**WHAT TO DO**
Extract the stretch of lines that starts at the line with "So for this" and ends at the last line of the data below. Give it exactly, without pictures.

**DATA SECTION**
────────────────────

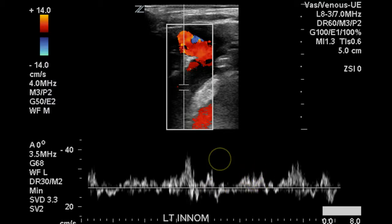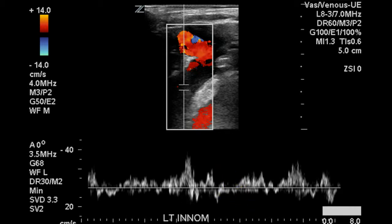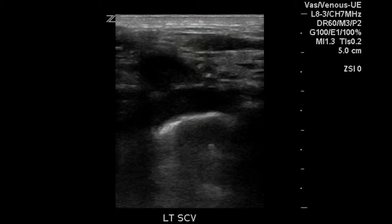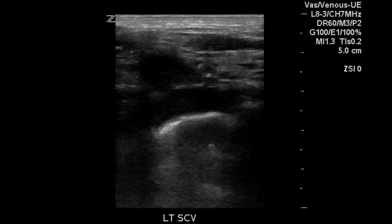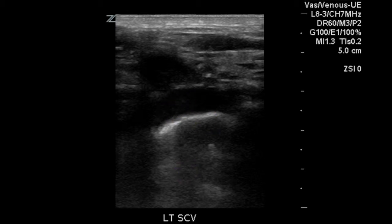Remember that superimposed upon the cardiac cycle is a respiratory phasicity in these central veins. This is a long axis image of the left subclavian vein. There is some echogenic material in it; however, this is likely due to high gain settings.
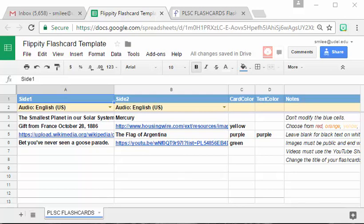So for this assignment you're going to have the opportunity to work together to collaboratively make a deck of review flashcards.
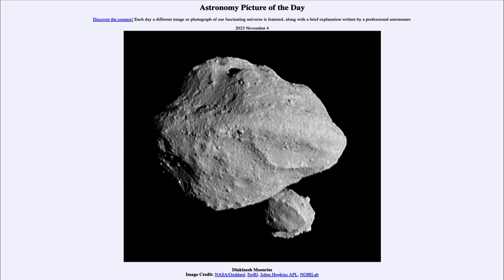It is only about a half a mile, or about a kilometer, across its widest point. So most asteroids are like this — they are not giant objects by any sense. Even the largest asteroids are modest in size, and many of them are very tiny.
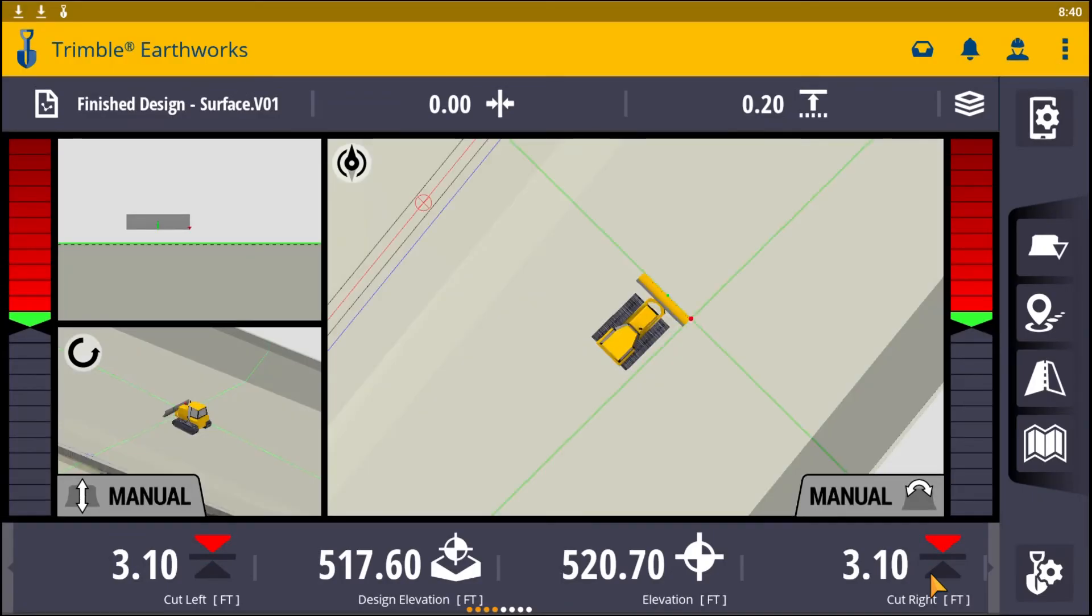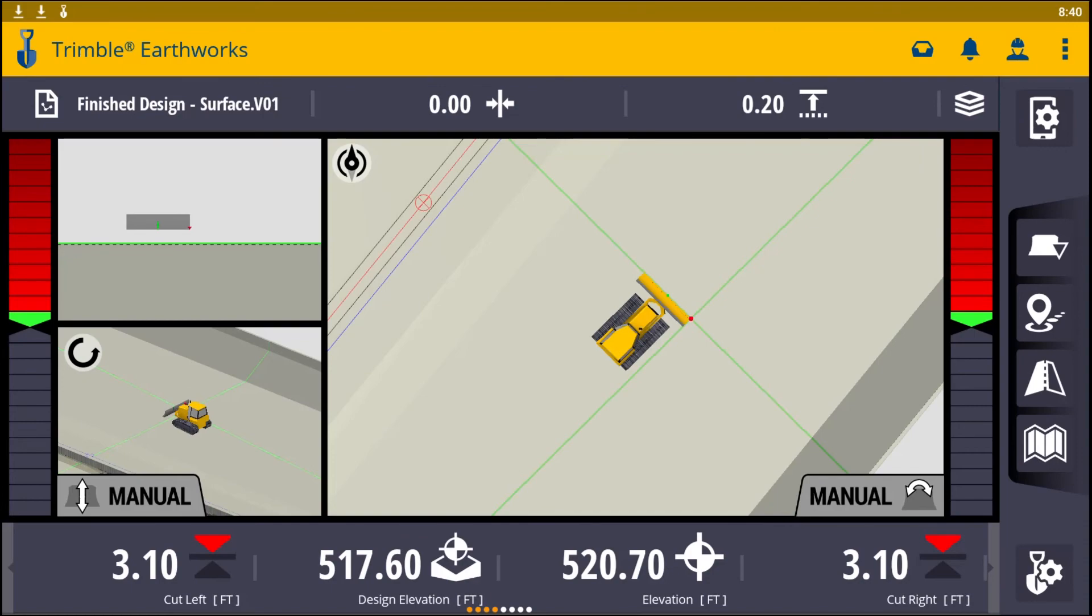Keep in mind, your hydraulics should be at operating temperature. Allow the machine to warm up so your automatics work properly.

────────────────────

**TASK ANSWER**
So for this assignment you're going to have the opportunity to work together to collaboratively make a deck of review flashcards.
It is only about a half a mile, or about a kilometer, across its widest point. So most asteroids are like this — they are not giant objects by any sense. Even the largest asteroids are modest in size, and many of them are very tiny.
Keep in mind, your hydraulics should be at operating temperature. Allow the machine to warm up so your automatics work properly.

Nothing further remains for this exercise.